Only the lines from the one with "Bed in Clarion Pointe Lake Jackson - Clute Bed" through the end of the material are wanted, copied exactly and with the pictures left out.

___ Input data

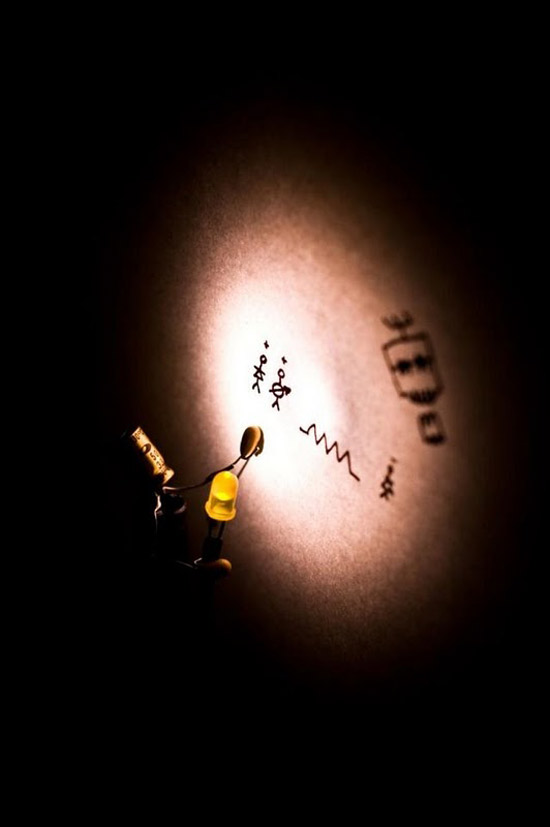 How to turn Spare Radio Parts into Art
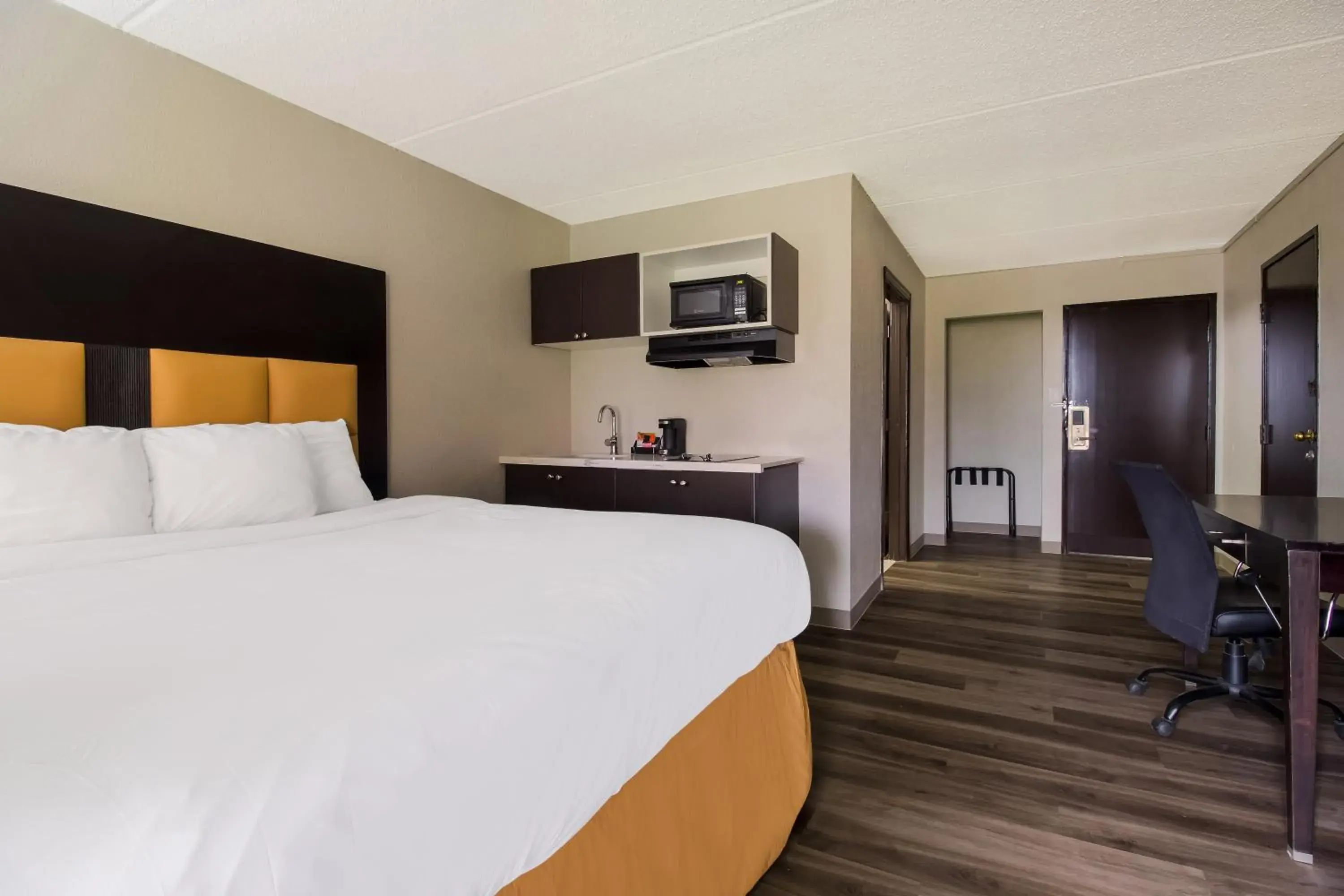 Bed in Clarion Pointe Lake Jackson - Clute Bed in Clarion Pointe Lake Jackson - Clute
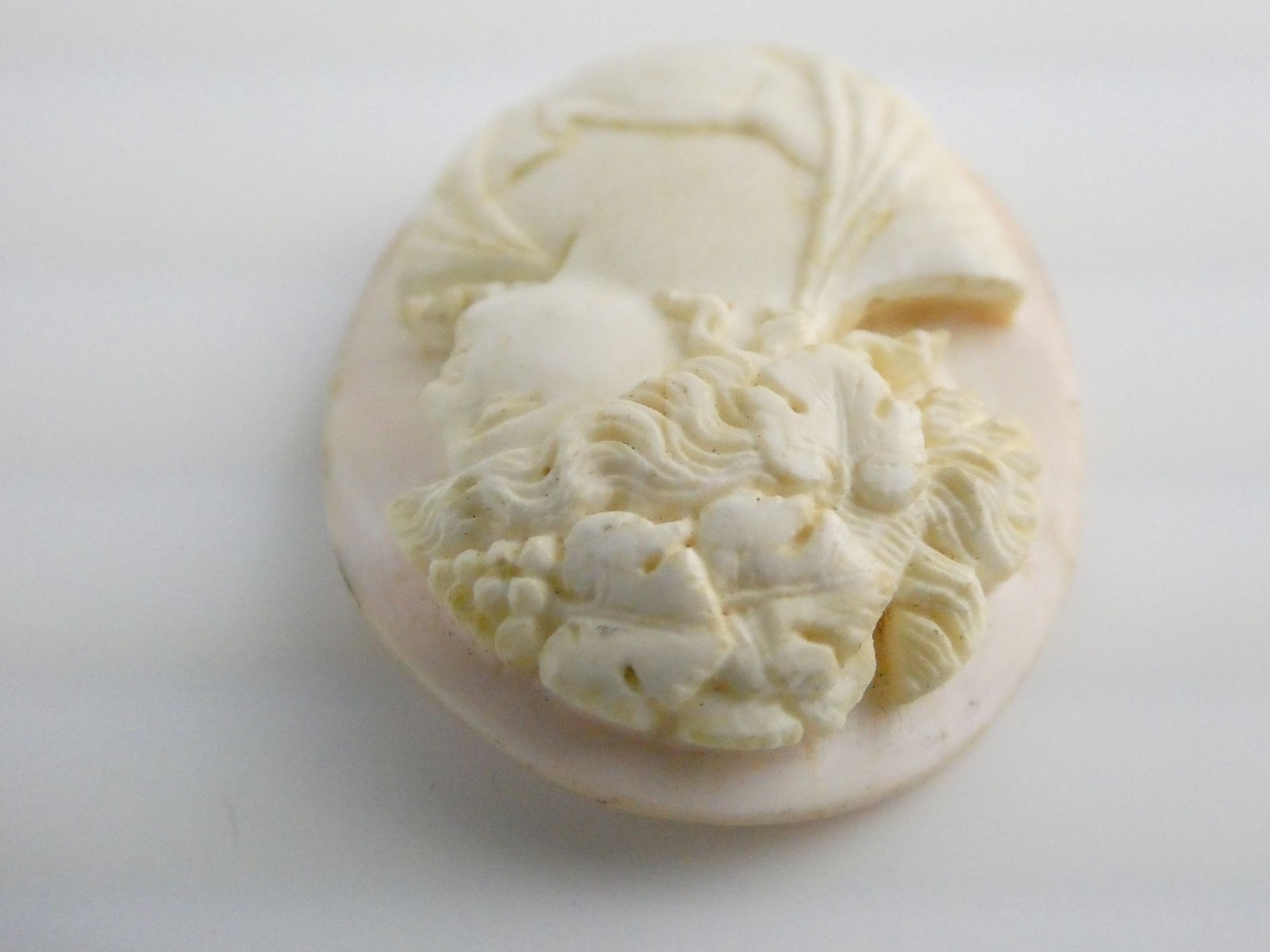 Vintage Loose Hand Carved Conch Shell Cameo Woman w Grape Leaves 39mm x 29mm 14g
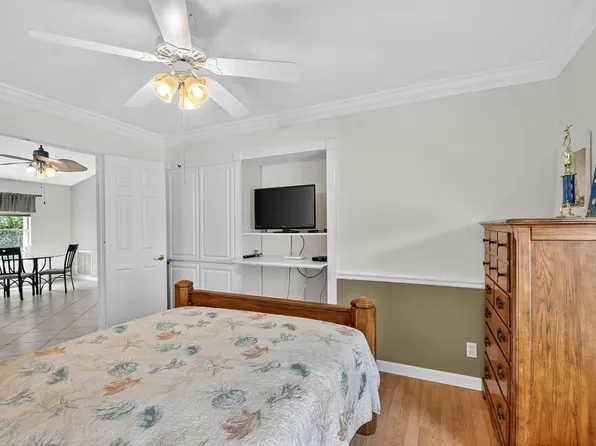 2804 Waters Edge Circle, Greenacres, FL 33413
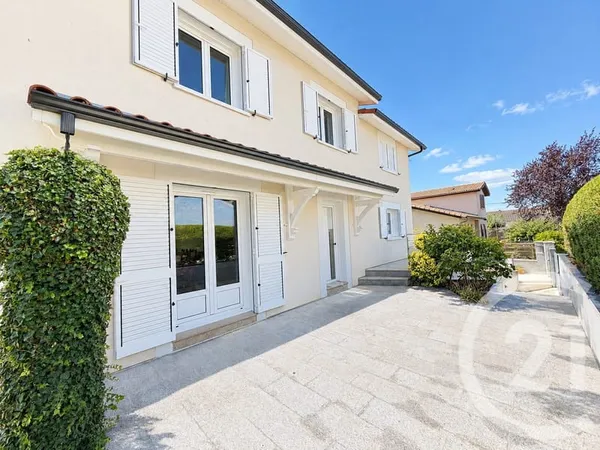 Maison 7 pièces 143 m²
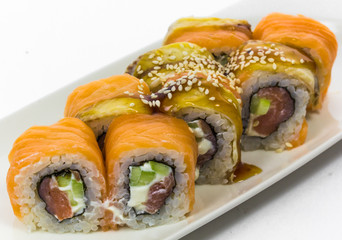  sushi with salmon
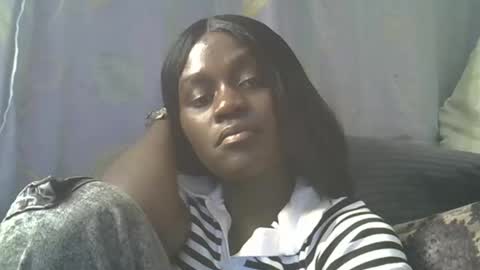 pink  and josphen online show from 04.07.26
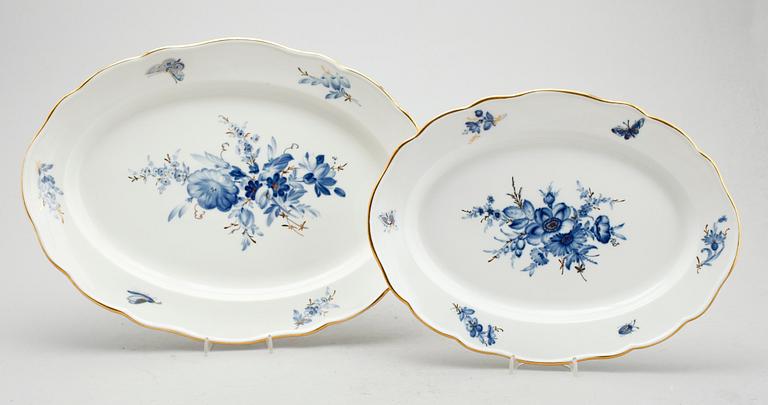 MATSERVIS, 62 delar, porslin, Meissen, 1900-talets första hälft.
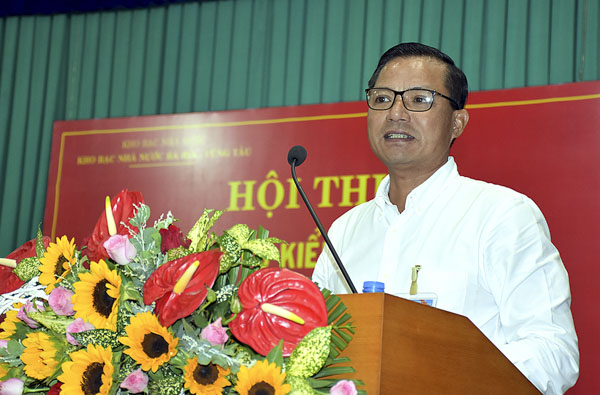 Ông Trần Xuân Khánh, Giám đốc Kho bạc Nhà nước tỉnh phát biểu khai mạc hội thi.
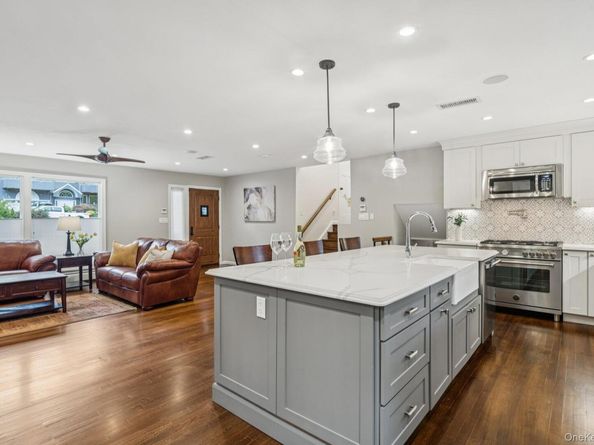 33 Scudders Lane, Glen Head NY 11545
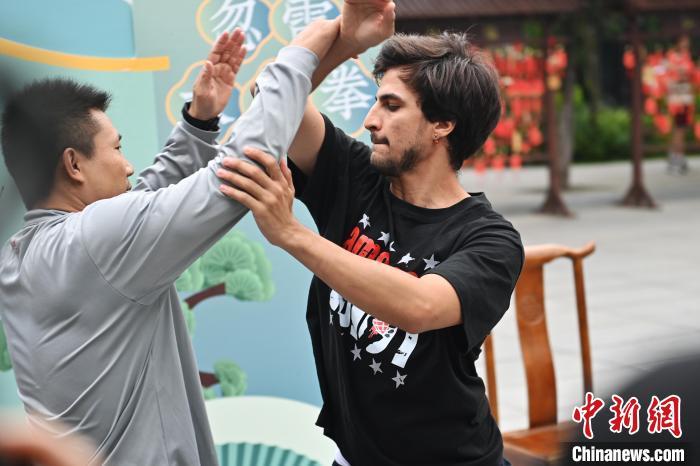 7月14日，甘肅省平?jīng)鍪嗅轻忌骄皡^(qū)內(nèi)，外籍武術(shù)愛好者(右)進(jìn)行忽雷太極拳切磋。7月13日至14日，“2024年北京體育大學(xué)第十五屆國際武術(shù)比賽交流大會暨首屆崆峒山國際武術(shù)大會”舉行，大會也在崆峒山景區(qū)進(jìn)行問道崆峒、武術(shù)高級研修班、崆峒拜師等系列活動。中新社記者 李亞龍 攝</p>
<p>
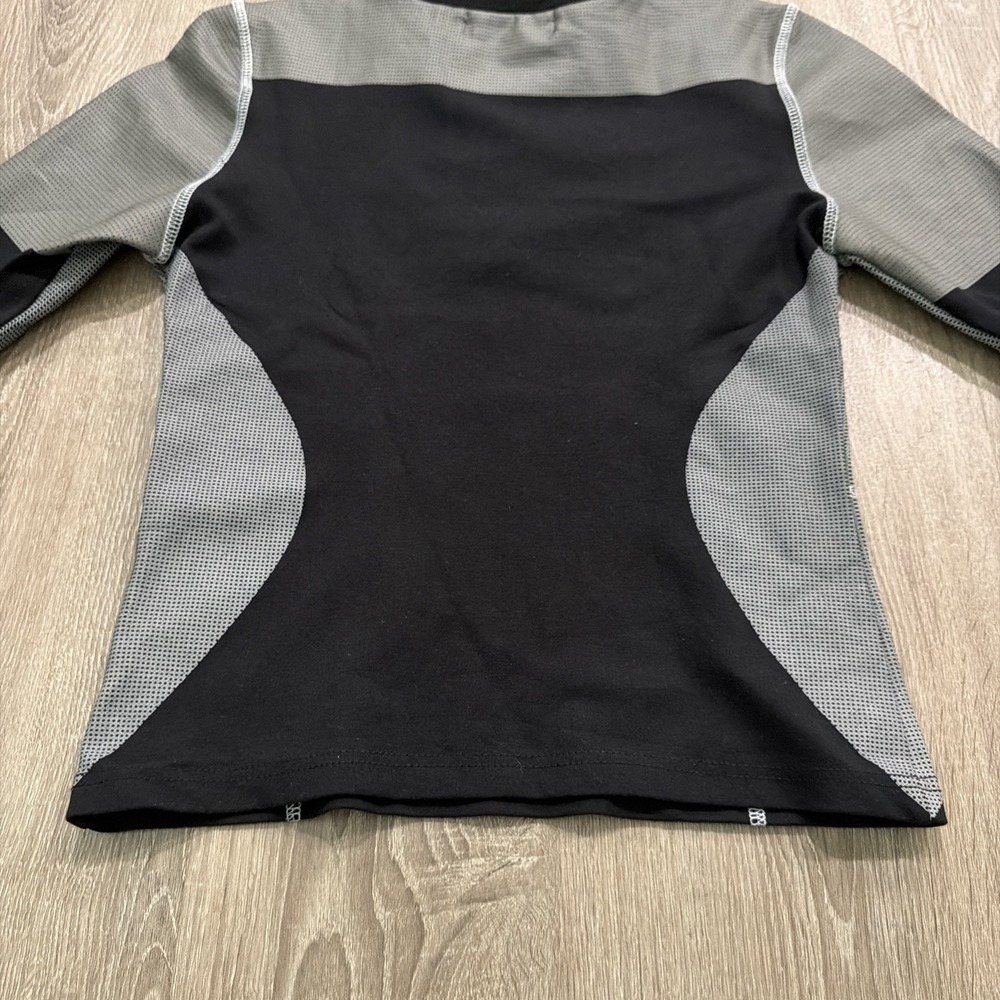 Maniere de Voir Women's Dark Grey And Black Top Active Wear Size 8 US - Picture 9 of 9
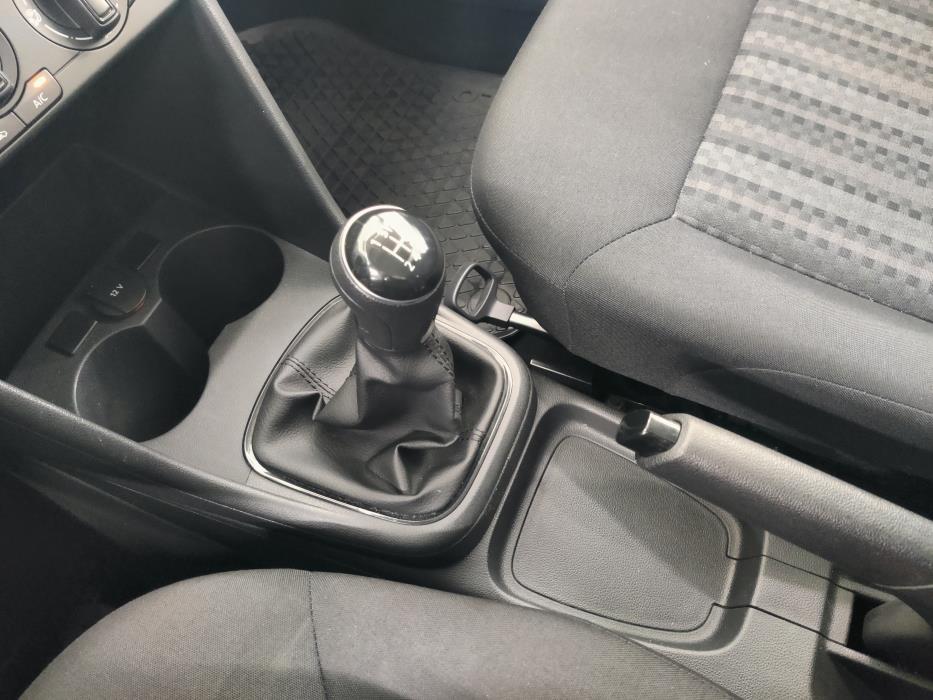 VOLKSWAGEN Polo 2016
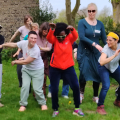 La bloguera Eliane («HIVStigmaFighter») y otros haciendo ejercicio al aire libre.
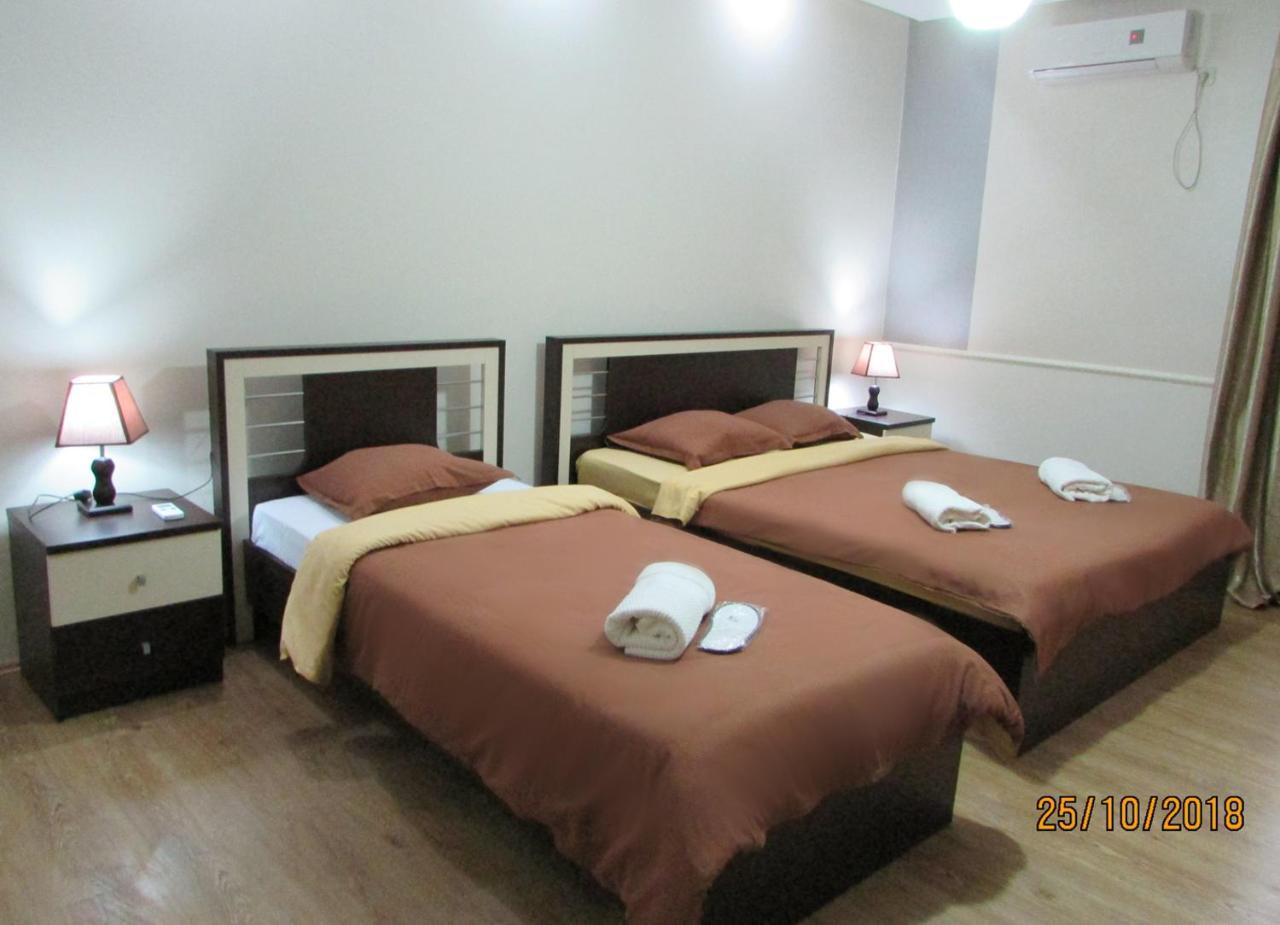 Hotel Monaco Tbilisi Luaran gambar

______

Solution to this problem —
 Bed in Clarion Pointe Lake Jackson - Clute Bed in Clarion Pointe Lake Jackson - Clute
 Vintage Loose Hand Carved Conch Shell Cameo Woman w Grape Leaves 39mm x 29mm 14g
 2804 Waters Edge Circle, Greenacres, FL 33413
 Maison 7 pièces 143 m²
  sushi with salmon
 pink  and josphen online show from 04.07.26
 MATSERVIS, 62 delar, porslin, Meissen, 1900-talets första hälft.
 Ông Trần Xuân Khánh, Giám đốc Kho bạc Nhà nước tỉnh phát biểu khai mạc hội thi.
 33 Scudders Lane, Glen Head NY 11545
 7月14日，甘肅省平?jīng)鍪嗅轻忌骄皡^(qū)內(nèi)，外籍武術(shù)愛好者(右)進(jìn)行忽雷太極拳切磋。7月13日至14日，“2024年北京體育大學(xué)第十五屆國際武術(shù)比賽交流大會暨首屆崆峒山國際武術(shù)大會”舉行，大會也在崆峒山景區(qū)進(jìn)行問道崆峒、武術(shù)高級研修班、崆峒拜師等系列活動。中新社記者 李亞龍 攝</p>
<p>
 Maniere de Voir Women's Dark Grey And Black Top Active Wear Size 8 US - Picture 9 of 9
 VOLKSWAGEN Polo 2016
 La bloguera Eliane («HIVStigmaFighter») y otros haciendo ejercicio al aire libre.
 Hotel Monaco Tbilisi Luaran gambar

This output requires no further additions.